Three Game Changers for the TMS Market

Article by Jonah McIntire from Clear Abacus; published on August 21st 2013

The TMS space is going through significant changes, some apparent and others below the surface. The biggest story in the industry press has been the shift to SaaS delivery models, which was non-existent ten years ago, accounts for 22% of the market today, and will be the absolute majority within ten years in the future.The rest of this article outlines three game-changers for the TMS market that you may not have heard of, but will be critical in the medium term.

 

On the Cloud… and parallelized

Changes to a base layer in the TMS technology stack open disruption possibilities in everything above it. Disruptions can be risks (security loopholes, for example) or the basis for new business models and process engineering. In the TMS space, one disruption from cloud computing is the potential to significantly improve planning or optimization because these features rely on heavy computation. In the cloud, heavy computation can often be parallelized, and even un-parallelizable tasks can be sent to a very powerful on-demand server for only the amount of time needed to complete it. By analogy this is like having a planning team of 100 people for only a few minutes, and then going back to one or two for the rest of the day: it represents an incredible potential.

 

Are today’s TMS vendors leveraging this aspect of cloud computing? No, they are not: most SaaS TMS solutions are little more than migrated components of on-premise TMS solutions.
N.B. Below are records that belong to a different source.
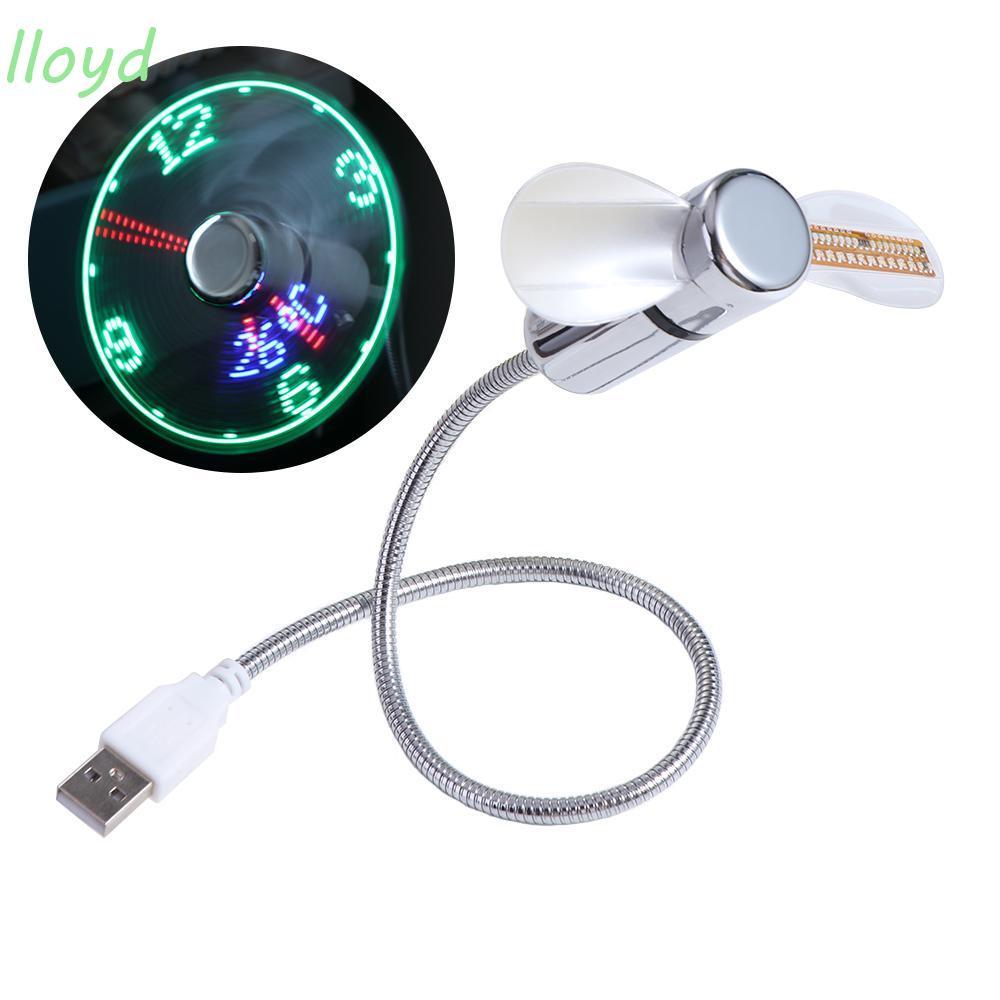 LLOYD พัดลมนาฬิกา LED, ยืดหยุ่น Gooseneck USB นาฬิกาพัดลมเย็น,ทนทานเวลาอุณหภูมิจอแสดงผลปรับแบบพกพา G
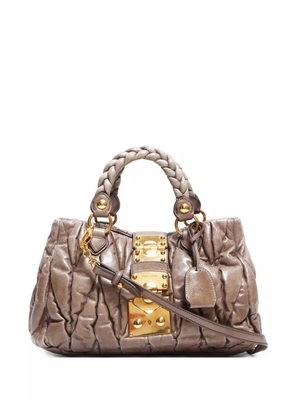 Miu Miu Pre-Owned 2000-2020 matelassé two-way handbag - Brown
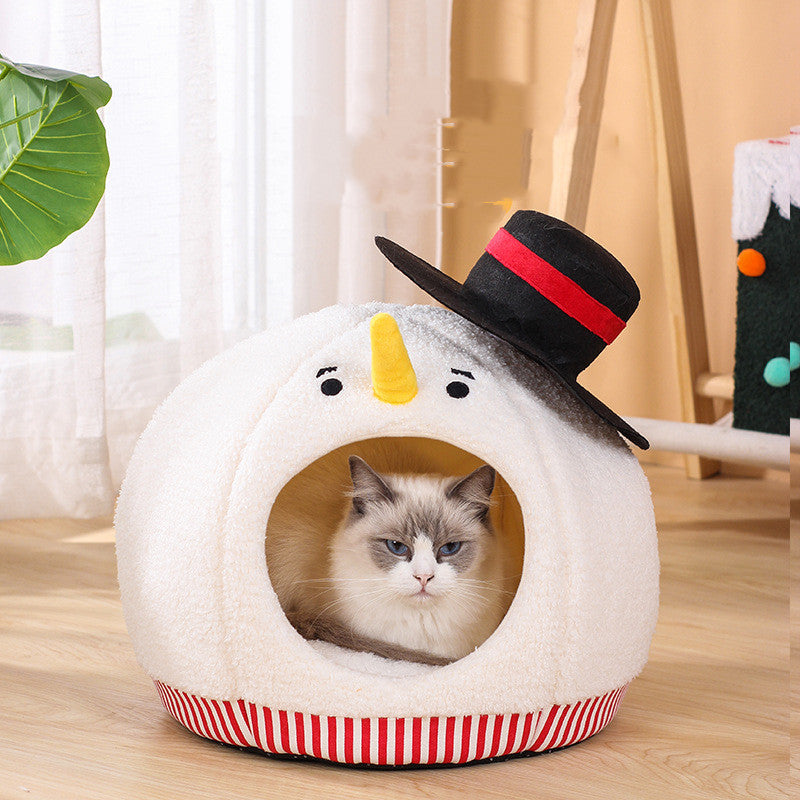 KFX-5766461 Cozy White Snowman Cat Nest for Winter Comfort, 38 x 40cm
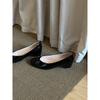 French bow shallow mouth inner heightening single shoes round head gentle evening wind ballet shoes
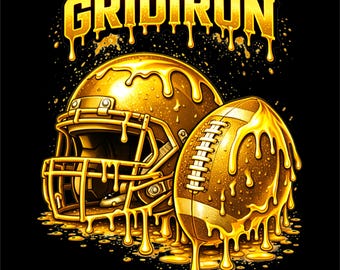 Football Gold PNG | Gridiron Drip Design | Golden Football Helmet Art | Sports Streetwear Graphic | DTF DTG Print File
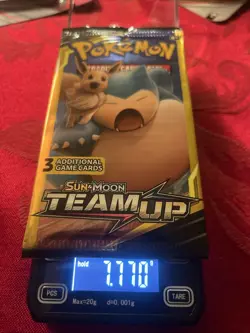 Pokemon 2018 Team Up 3 Card Pack Heavy 7.781 Grams New Sealed - Image 1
They leverage simplistic optimization algorithms because they were running on 8 or 12 CPU cores, the limit they expected from a physical server in a client’s data-center. In later generation TMS solutions, purpose-built for cloud computing, we should expect to see features leveraging the elastic nature of the virtualized hardware. For supply chain owners, these new approaches will easily and measurably out-plan the current generation TMS capabilities.

 

Consumer sensibilities for enterprise users

Enterprise software contrasts starkly with consumer software in terms of price, usability, implementation process, and community criteria for success. Consumer software is easy and cheap to try for 30 days, selected by the user, paid for by the user’s own money, selected in minutes, elegantly designed, self-training, increasingly gamified (i.e. based on innate human psychology), and transparently priced. Enterprise software is challenging to demonstrate, usually impossible to try prior to full commitment, long and costly to implement, purchased by IT departments rather than users, paid for by “budget” to which few feel personally accountable, cumbersome for users to learn, and with secretive and highly negotiable pricing. Can and should TMS solutions continue to behave as enterprise software? Probably not. First, the Silicon Valley entrepreneurship and venture capital machine has begun targeting enterprise software as the “next big thing”.

 

The TMS market has high margins, allows multiple winners to survive unlike many consumer categories, and the current vendors may be no match for Silicon Valley agility and engineering. Second, the dis-enfranchisement of end users is coming under heavy critique. The truth is that end users often can and should select their own software. As internal IT departments streamline due to the “out-clouding” of corporate datacenters, the changing org chart may enable greater end user voice in the technology buying process. Finally, consumer software has an overall higher reputation in part because it is simply better engineered for human use. Aspects like gamification and feasible 30-day trial periods reduce everyone’s risks (including the TMS vendor) and increase overall value creation. Consumer software discovered these concepts first because they iterated faster and because their market dynamics focused competition on product more than salesmanship. It is an unmitigated benefit for TMS vendors to adopt them.

 

Self-service for SMEs

The TMS market is roughly 1.3 billion USD per year in revenue and growing at 8 to 12% per year. But this may be myopic, in the same way that IBM founder Thomas Watson predicted there was a worldwide market of perhaps five computers. What he meant was that the world could support five computers at the price and delivery model he was using. At lower prices and better delivery models the market became very different. Similarly, today supply chain managers have to spend about 20 million USD per year on relevant transportation to cost justify buying a major TMS solution. Below this threshold are hundreds, perhaps thousands, or SMEs spending 5 to 15 million USD per year on transport and who want a TMS solution. Contrary to first impressions, it is probably not direct cost that is the critical barriers for SMEs who are looking for a TMS solution. Their budget may be lower, but more importantly their entire buying and usage paradigm is different.

 

They are less likely to have a dedicated IT team leading the buying, they have little or no bandwidth for a complex implementation of the software, and their entire team from IT to end-users will spend less share of their day on the TMS solution, because they are wearing more hats than their large-company cousins. SMEs approach a TMS purchase using the consumer-software model for tech acquisition: they expect to be able to price-shop online, sign-up and start a trial period, with no direct sales or consulting support, and for part-time end users to run the software as needed without customizations or in-person training. The “self-service” sales channel is non-existent in today’s TMS market. Nevertheless, its appearance seems almost assured, and the first successful offering may well grab-up vast unaccounted market share currently below the radar. Even for larger prospective buyers, the self-service channel allows end users to try a TMS solution safely before investing in complex customizations during a typical enterprise implementation.